Addressing The Flaxen Spirit & Linen Women

Addressing the flaxen spirit, not yet linen

Threshing

We come from deep loam, 
from fields of green, blue heads bobbing. 
To harvest true selves and loosen seeds within,
permit wind to winnow away the clutter.                       

Retting

To release fiber from stem,
baptize in slow-moving waters, 
or even dew.
Do not over-ret, for, as with anything,
there is danger of growing weak, 
and breaking.

After the retting

the scutching begins. 
Baptism is never enough.
To transform woody selves
to strands of silky smooth,
press against the sharp edge 
of life. Prepare to spin 
with the moaning 
earth.

Heckling

is the hardest part,
but it must be done—
we must separate
from our selves
to be spun into one.
Be still and comb 
the heart, untangle 
worry, part from grudges,
brush away the last stray 
residues of this hardened
life we cling to. 

Nothing to weigh us down, 
readied now, 
to be woven.


Linen women, with nod to St. Catherine of Alexandria, patron saint of seamstresses

We are made for summer. Stronger wet 
than dry, as hot and humid descend, we
resist carpet beetles and fungus-fed men, 
and, like Catherine, refuse to shrink 
from the sun. We’ll remain cool before 
emperors, call out their puckered thinking,
refuse to slip into their broken, biased, 
stitching.

Let Spirit steam our hard 
to reach places, round plackets
and pockets and buttoned collars. We
press into this wrinkled life and stretch.

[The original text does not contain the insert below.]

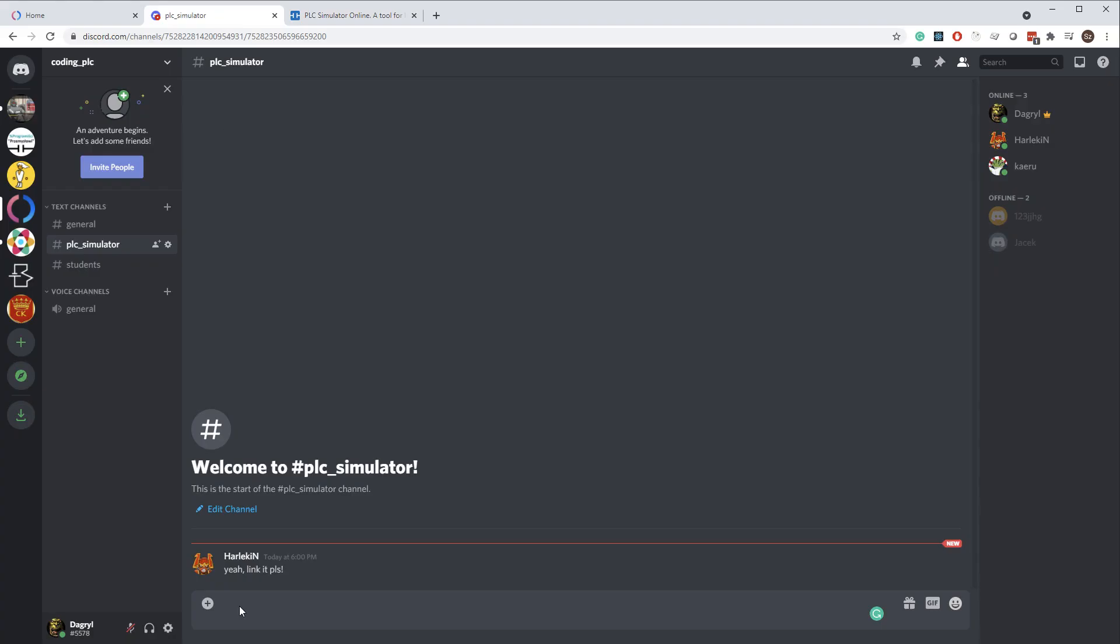From here, you can paste the link on any communicator or social media platform.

Designed for the long or short trip— 
no one knows which—we unpack 
hand-stitched hats made to complement 
each woman. Some of us boast floppy brims, 
others trimmed with grosgrain ribbon, each style 
crushable, able to roll and travel. 

Despite hours of iron, we soon crumple. 
Come forth, well-worn ones, 
for the linen maker knows each crease 
and calls us to the light, rumpled, woven.